As I pondered on this strange phenomenon years ago, the Lord offered me some insight. In essence, their lives are yet in great need of being perfected thru the culture and power of the life of sonship in Christ. Many will happily claim the blessings and passionately exercise the power of the gifts of the Spirit of Christ, yet in ignorance and in misguided zeal also will leave the seed of His life of perfection in a waste land. The result? A wild grape. An orphan in heart and in ways of life.
For such, it seems that the culture of divine order or divine wisdom that is sourced from and purposed at divine love ever remains in distant future or in a blurred state, or if you willing, like a promised land always further down the road.

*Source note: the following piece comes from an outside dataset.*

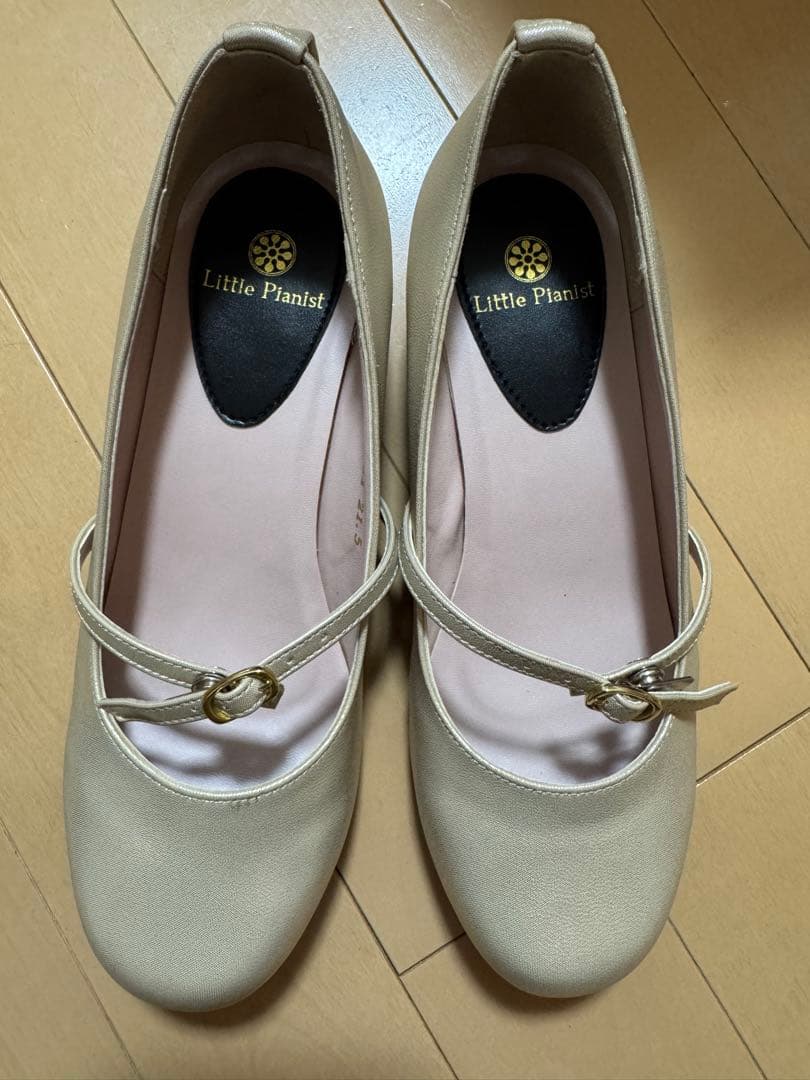 Little Pianist ゴールド ピアノシューズ 21.5cm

Many, to their loss, Jesus eventually would despise and reject:
“I never know you! You evil-doers (sons of lawlessness).”
The distinction of the fate of the rich young ruler and Peter when facing a choice of their life time is huge: one is stuck in his lifeless tradition, the other is continually being taught by the Lord.
In man’s eyes, they are almost the same if not rather deeming Peter in an more unfavorable light. But in the eyes of God, one is self-deluded and is serving himself, the other is led by and is serving Him. One is despised (disfavored, displeasing, not blessed, or rejected) by God; the other is loved and is considered as worthy (tested and proved) of His blessings. God’s own verdict: Esau is never His son; but Jacob is. And as a result, Jacob becomes Israel, a prince or a son of God.
In essence, from the state of a slave or an orphaned heart to genuine sonship, this is our true Passover in Christ Jesus.
“Then those who feared the Lord talked with each other, and the Lord listened and heard. A scroll of remembrance was written in his presence concerning those who feared the Lord and honored his name.
“On the day when I act,” says the Lord Almighty, “they will be my treasured possession. I will spare them, just as a father has compassion and spares his son who serves him.
And you will again see the distinction between the righteous and the wicked, between those who serve God and those who do not.”